La narratrice porte avec délicatesse l’urne des cendres de son père sur une chaise et va raconter face public, visage grave et sourire généreux, l’histoire douloureuse de ce jeune appelé qui a dû faire la guerre d’indépendance en Algérie (1954-1962).
Guerre sans nom dont on a longtemps caché les actes inavouables : tortures blessures, viols, dégradations de la dignité humaine. Revenu en France, l’appelé n’a cessé d’éprouver l’humiliation et la culpabilité des bourreaux qui ont obéi sans pouvoir réagir ni s’opposer aux ordres cruels des gradés.
Les souffrances, souvent invisibles, produites par la torture, complexes et durables, sont difficiles à exprimer par ceux qui ont survécu aux traitements humiliants visant à les détruire en tant qu’êtres humains. Épouses et enfants ont été aussi de manière indirecte, des victimes collatérales, au même titre que les appelés eux-mêmes, à la fois bourreaux et victimes.
La narratrice se souvient des peurs enfantines provoquées par les éclats du père, violences verbales, discours de folie et d’insultes contre le monde et soi-même. Comment comprendre les effets existentiels de la torture, pour celui qui n’a pas assisté aux actes d’effroi et de bestialité, à travers l’inouï, le non-dit de ceux qui en reviennent, témoins passifs ou acteurs ?

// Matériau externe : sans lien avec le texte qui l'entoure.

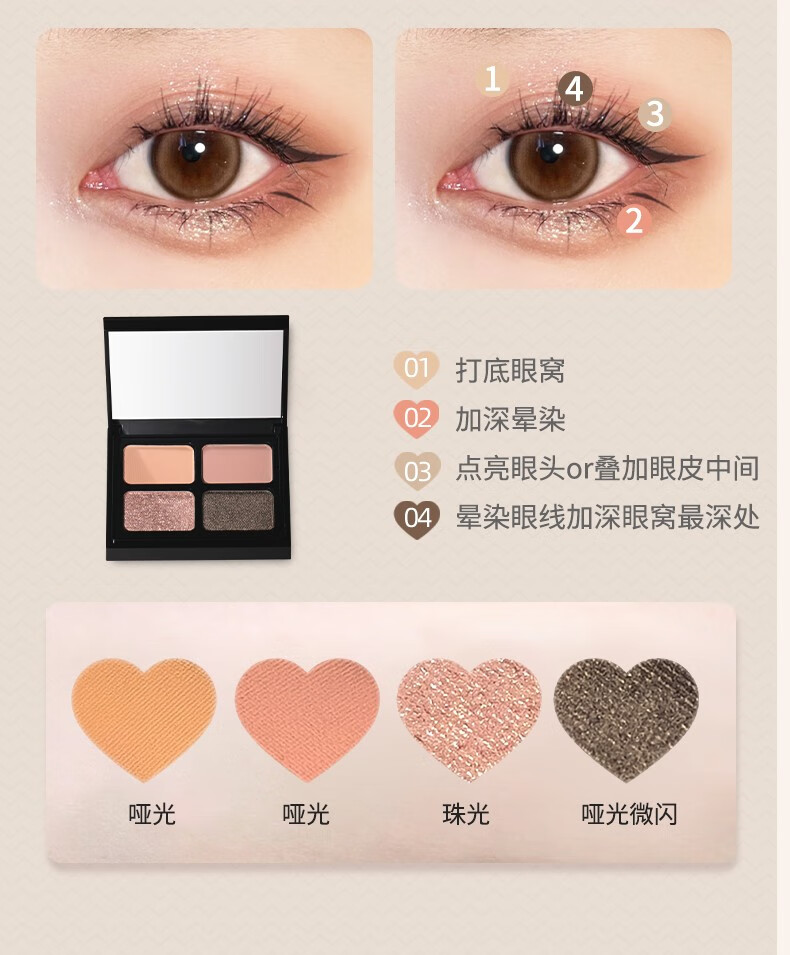 PUCO不负人间四色眼影盘大地色眼影蜜桃盘哑光珠光细闪爆闪纯欲风小盘 01人间值得【成熟蜜桃盘】 4g
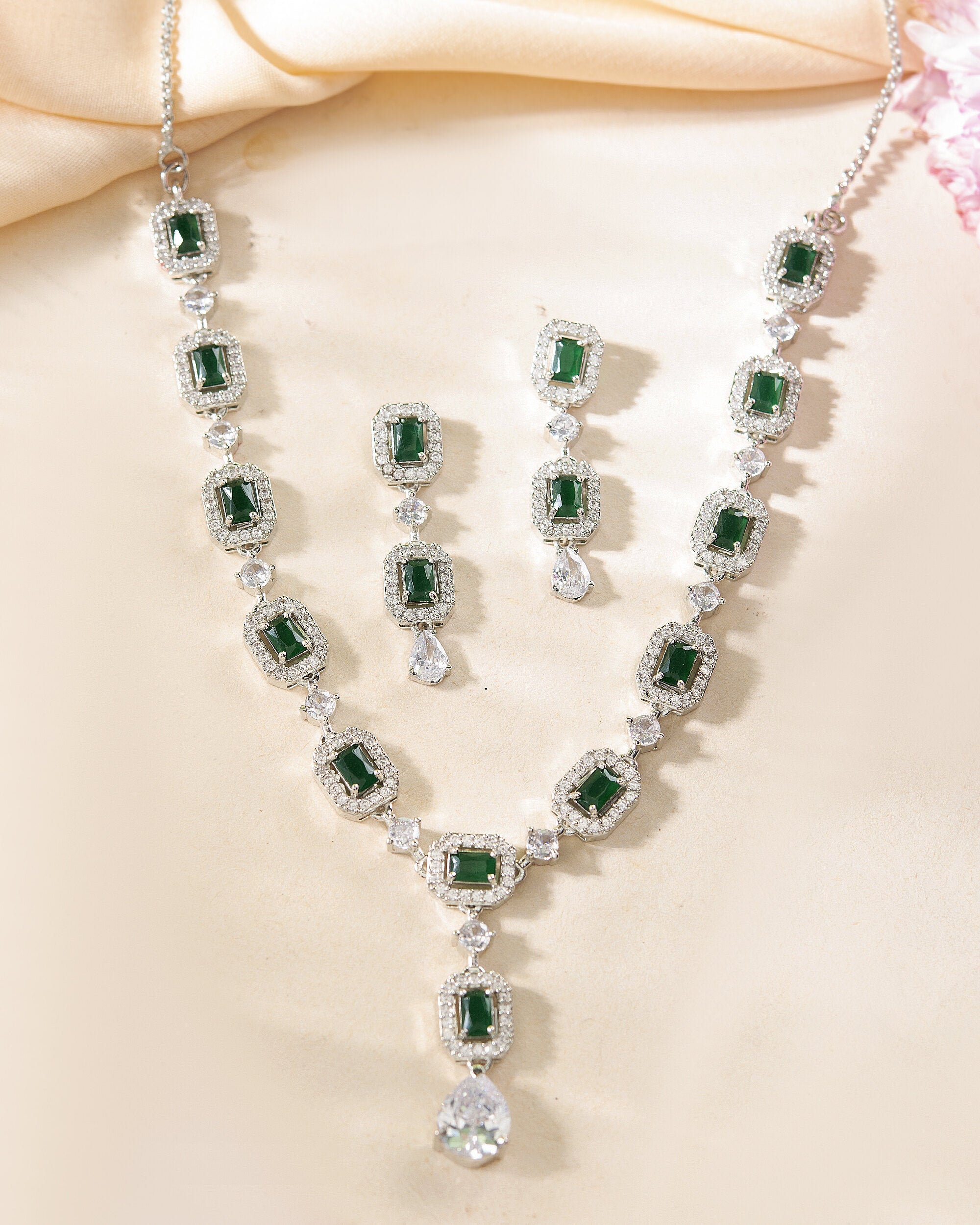 VOJ Silver Plated Green Stone Geometrical Shaped AD Jewellery Set - Distacart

Revenir ! de Barbara Bouley, qui fait aussi la mise en scène, correspond au troisième programme de recherche de sa compagnie qui porte sur les blessures invisibles de la guerre et plus particulièrement sur le P.T.S.D (Post Traumatic Stress Disorder). Elle s’est fondée sur un recueil de témoignages auprès de ceux qui reviennent de zones de conflits: soldats, victimes civiles, journalistes, humanitaires, médecins, et leurs familles.
Cette forme scénique cherche à exhumer de l’oubli les traumatismes causés par les guerres des XX ème et XX ème siècles sur le psychisme des hommes et femmes qui y ont consacré un temps de leur existence mais aussi à la manière dont ces trouées dans leur mémoire affectent les cellules familiales, leur environnement et la société dans son ensemble.
Le Centre Primo Levi, par exemple, est la plus importante structure en France pour les soins aux victimes de la torture et de la violence politique, réfugiées sur notre sol. À partir de l’expérience acquise dans ce centre, l’association entend témoigner inlassablement de ces effets de la torture. «Depuis lors, à une heure incertaine,
Cette souffrance lui revient,
Et si, pour l’écouter, il ne trouve personne,
Dans la poitrine, le cœur lui brûle», écrivait Primo Levi.
Un spectacle éloquent avec une comédienne investie pour des temps de violences…
Véronique Hotte
Anis Gras-Le Lieu de l’Autre à Arcueil, le 11 février à 19h30, et le 12 février à 14h30 et 19h30.